▸ **EXERCISE DIRECTIONS**
What is wanted is the full listing, word for word, without its pictures.

▸ **THE DATA**
═══

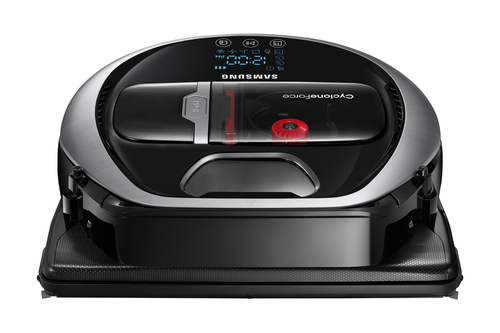 Samsung VR20R7250WC Black, Silver – image 3
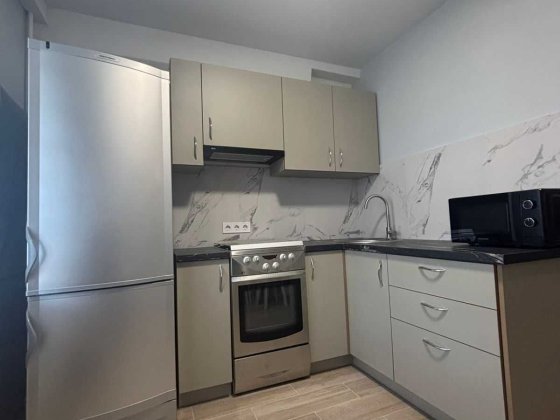 Довгострокова оренда 2 кімнатна квартира метро Виставковий Центр Киев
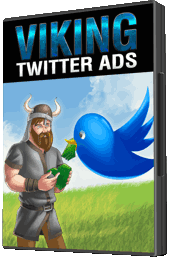 Viking Business Series - Twitter Ads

═══

▸ **SOLUTION TO THIS TASK**
 Samsung VR20R7250WC Black, Silver – image 3
 Довгострокова оренда 2 кімнатна квартира метро Виставковий Центр Киев
 Viking Business Series - Twitter Ads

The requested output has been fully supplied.